Am frühen Donnerstagmorgen ging um 1.30 Uhr ein Notruf bei der thailändischen Polizei ein. Ausgelöst wurde dieser durch einen thailändischen Staatsbürger, der eine Schlägerei von zwei US-Amerikanern vor einer Bar beobachtete. Beide gehörten zu der Lincoln-Besatzung und waren gemäss Strathongyoo betrunken.

Nachdem die thailändischen Beamten die beiden Prügel-Matrosen an ein gemeinsames Operationszentrum der US-Marine übergeben hatten, wurden sie zurück zum Flugzeugträger gebracht. Als Strafe müssen sie den Rest des Aufenthalts nun an Bord des Schiffs verbringen. Weitere Einsätze waren bislang nicht nötig.

Das Datum der Heimkehr ist noch nicht bekannt

Hinsichtlich der Kritik an den Zuständen auf der USS Abraham Lincoln blieb die Besatzung verschwiegen. Auch Kapitän Dan Keeler äusserte sich, wie unter anderem der «Guardian» berichtete, bei der Ankunft im Hard Rock Hotel Pattaya nur knapp: «Neulinge auf der See werden sich über das Essen und die Lebensbedingungen beschweren.» Zudem deutete er an, dass die Vorwürfe mit dem anstehenden Wahlkampf zusammenhängen würden.

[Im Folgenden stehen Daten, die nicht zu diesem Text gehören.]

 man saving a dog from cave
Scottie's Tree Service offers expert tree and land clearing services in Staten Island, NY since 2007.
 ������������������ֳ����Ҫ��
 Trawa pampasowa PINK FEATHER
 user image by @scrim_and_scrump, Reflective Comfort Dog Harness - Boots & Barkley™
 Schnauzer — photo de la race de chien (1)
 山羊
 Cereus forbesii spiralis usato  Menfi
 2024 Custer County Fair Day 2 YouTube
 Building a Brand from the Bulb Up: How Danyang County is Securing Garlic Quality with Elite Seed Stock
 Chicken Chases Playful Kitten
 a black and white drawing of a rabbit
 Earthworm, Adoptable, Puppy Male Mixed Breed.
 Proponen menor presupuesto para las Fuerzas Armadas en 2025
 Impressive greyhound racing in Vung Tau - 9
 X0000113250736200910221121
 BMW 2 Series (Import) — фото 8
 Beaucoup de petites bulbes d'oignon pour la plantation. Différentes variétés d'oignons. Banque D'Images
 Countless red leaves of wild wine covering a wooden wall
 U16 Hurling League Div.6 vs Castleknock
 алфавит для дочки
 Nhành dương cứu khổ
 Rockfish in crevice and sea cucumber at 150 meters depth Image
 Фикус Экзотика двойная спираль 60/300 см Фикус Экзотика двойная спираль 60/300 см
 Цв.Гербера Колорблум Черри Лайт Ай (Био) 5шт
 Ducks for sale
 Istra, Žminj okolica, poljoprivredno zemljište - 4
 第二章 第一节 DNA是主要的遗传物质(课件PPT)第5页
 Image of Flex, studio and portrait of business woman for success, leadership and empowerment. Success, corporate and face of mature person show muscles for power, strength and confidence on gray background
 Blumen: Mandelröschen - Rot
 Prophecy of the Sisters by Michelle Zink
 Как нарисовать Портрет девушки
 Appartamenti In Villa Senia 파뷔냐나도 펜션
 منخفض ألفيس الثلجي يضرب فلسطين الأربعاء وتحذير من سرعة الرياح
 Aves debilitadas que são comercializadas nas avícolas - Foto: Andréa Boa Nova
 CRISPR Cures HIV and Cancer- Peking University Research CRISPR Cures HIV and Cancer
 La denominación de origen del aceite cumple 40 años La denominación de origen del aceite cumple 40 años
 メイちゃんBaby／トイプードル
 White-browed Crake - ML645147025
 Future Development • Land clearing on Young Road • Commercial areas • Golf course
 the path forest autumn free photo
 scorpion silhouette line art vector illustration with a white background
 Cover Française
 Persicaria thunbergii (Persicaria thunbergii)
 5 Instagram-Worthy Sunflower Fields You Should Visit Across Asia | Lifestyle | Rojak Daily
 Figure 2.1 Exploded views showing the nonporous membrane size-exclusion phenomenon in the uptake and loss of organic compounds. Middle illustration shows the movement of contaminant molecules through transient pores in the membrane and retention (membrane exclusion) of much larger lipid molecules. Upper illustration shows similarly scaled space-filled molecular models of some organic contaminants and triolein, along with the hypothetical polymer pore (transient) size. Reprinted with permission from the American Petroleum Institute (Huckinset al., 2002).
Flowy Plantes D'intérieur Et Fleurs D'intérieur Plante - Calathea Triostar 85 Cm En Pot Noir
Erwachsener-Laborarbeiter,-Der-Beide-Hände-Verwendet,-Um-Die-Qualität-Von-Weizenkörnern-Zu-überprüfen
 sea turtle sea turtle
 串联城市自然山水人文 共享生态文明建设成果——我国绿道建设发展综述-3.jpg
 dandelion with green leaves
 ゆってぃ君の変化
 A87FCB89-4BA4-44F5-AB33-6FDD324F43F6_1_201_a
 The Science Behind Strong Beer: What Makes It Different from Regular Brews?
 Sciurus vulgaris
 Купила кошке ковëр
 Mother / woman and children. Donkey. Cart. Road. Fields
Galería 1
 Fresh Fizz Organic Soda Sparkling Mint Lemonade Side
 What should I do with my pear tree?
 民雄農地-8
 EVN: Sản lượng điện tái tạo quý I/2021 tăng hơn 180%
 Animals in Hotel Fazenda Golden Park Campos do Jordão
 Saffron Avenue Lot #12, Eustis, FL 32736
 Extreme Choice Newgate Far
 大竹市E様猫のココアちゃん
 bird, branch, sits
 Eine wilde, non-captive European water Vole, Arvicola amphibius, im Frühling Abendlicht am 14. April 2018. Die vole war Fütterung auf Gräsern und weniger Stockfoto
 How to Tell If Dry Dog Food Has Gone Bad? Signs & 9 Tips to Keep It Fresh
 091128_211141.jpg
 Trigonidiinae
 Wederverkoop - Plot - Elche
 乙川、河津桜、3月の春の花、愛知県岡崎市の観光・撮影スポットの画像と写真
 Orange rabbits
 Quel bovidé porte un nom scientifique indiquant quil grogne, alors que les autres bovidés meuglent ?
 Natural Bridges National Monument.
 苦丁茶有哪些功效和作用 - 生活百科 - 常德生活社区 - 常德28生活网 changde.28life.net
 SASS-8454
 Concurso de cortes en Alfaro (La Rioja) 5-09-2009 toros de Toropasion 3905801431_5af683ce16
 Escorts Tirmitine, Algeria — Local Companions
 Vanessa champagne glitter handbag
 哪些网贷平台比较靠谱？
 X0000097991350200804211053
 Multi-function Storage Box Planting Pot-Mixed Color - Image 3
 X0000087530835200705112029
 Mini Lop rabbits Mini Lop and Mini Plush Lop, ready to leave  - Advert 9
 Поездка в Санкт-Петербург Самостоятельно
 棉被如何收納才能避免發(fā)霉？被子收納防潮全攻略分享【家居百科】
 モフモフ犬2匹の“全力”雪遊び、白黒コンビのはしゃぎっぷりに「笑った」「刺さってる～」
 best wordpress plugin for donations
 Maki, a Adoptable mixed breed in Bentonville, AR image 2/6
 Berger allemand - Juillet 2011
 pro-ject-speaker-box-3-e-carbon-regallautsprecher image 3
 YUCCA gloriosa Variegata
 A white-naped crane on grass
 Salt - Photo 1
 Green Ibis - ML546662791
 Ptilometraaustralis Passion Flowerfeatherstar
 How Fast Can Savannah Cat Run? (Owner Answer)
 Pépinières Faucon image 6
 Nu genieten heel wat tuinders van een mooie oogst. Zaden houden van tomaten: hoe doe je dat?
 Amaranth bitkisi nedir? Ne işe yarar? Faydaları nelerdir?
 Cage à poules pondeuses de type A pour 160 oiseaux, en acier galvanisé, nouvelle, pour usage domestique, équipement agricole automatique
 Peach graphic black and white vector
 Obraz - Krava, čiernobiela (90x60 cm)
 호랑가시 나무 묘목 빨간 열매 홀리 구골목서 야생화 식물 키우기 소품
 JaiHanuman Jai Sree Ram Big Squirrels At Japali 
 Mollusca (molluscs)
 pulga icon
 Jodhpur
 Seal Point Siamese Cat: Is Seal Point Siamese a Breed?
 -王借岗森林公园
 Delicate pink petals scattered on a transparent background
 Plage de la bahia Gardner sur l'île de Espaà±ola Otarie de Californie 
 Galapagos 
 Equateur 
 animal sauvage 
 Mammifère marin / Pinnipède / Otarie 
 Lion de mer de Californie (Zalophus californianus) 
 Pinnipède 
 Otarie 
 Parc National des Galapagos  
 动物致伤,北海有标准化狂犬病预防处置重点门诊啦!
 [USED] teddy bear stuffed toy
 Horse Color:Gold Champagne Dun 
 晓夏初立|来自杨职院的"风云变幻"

Allerdings räumte er ein, dass die Lincoln unterdessen wie ein «schmutziges Auto auf einem Parkplatz» aussehe. Wann die schwimmende Rostlaube zu einem neuen Anstrich kommt, ist noch unklar. Das Schiff werde zwar bald in die Heimat zurückkehren, könne jedoch noch andere Versorgungsstopps einlegen, so Keeler.